Saturday, January 22, 2011

"Arctic Death, Infinite Night"

If there is anything I've learned from spending a significant amount of time in what some would consider an unacceptably chilly environment, it is that there is nothing better than being warm. I used to think the Match Girl was a little foolish to have squandered all her matches, not to mention unrealistically weak to have died after just a couple hours out in the British winter. Now, I don't know what would have happened to me if I had a particularly callous father and only a small number of matches.

Fortunately for me, I will likely never have to worry about such a circumstance! And thanks to my experience in the northern latitudes of the world (the longitude remains a mystery), I have a fulcrum of wisdom on the subject.

OK, apparently "fulcrum" isn't the right word at all. I looked it up. Then I have a LOT of wisdom--is that better, American Heritage Assholictionary? Good.

One very helpful measure to take when pursuing icy ambitions is to slap on some long underwear.
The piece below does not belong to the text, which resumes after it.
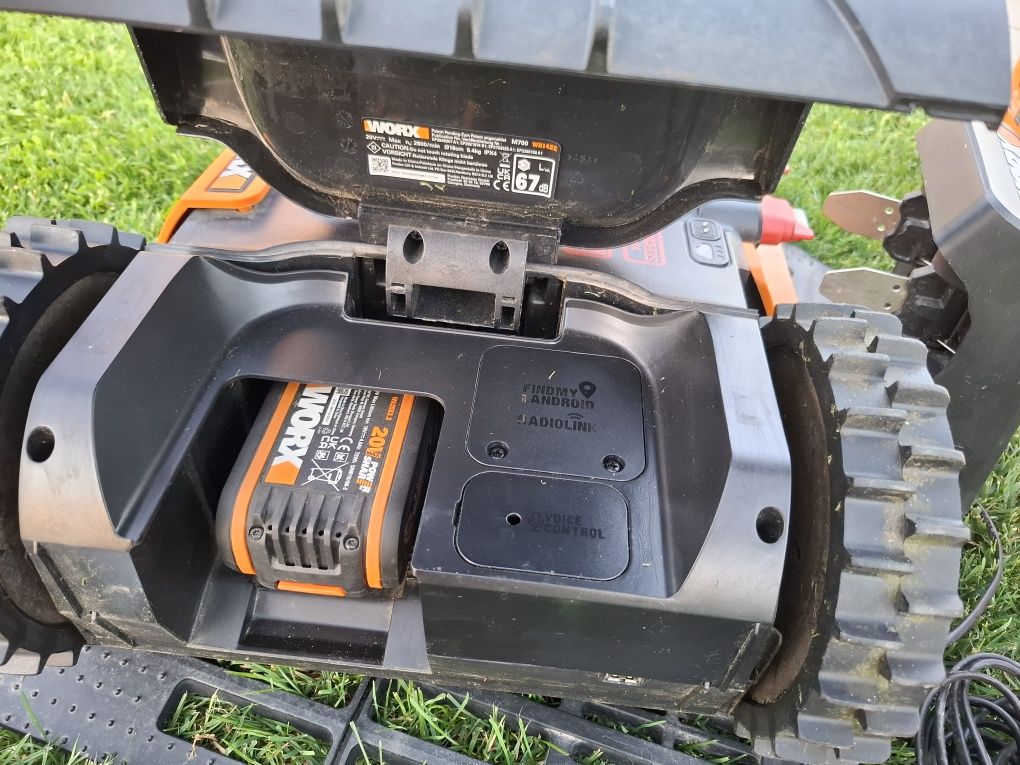 WORX Landroid M700 WR142E robot koszący do 700m2
WR142E | do 700 m²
I suppose you could put them on, too, if they're not suitably elastic. As I have already mentioned, long underwear is to food what manna is to God. Wait, that's not right. It's a good thing they got rid of that part of the SATs before I took it. (I think clothes should be somewhere in that analogy?)

It's a good idea to wear a coat and not misplace it.

I have rather long hair, which comes in quite handy in terms of extra warmth in the proximity of my head region. Long hair is thus a strategic cold-weather stratagem. In the celebrated words of Vince Noir, "My hair's virtually a hat."

"My hair's virtually a hat."


Notably, Vince Noir has also said such things as, "My name is Vince, but I'm not a prince," when talking to a fox on crack.

Perhaps my cold weather tips are of some use to you! If they aren't, I'm sorry, but Google has around 11,000,000 related webpages to offer you on the subject.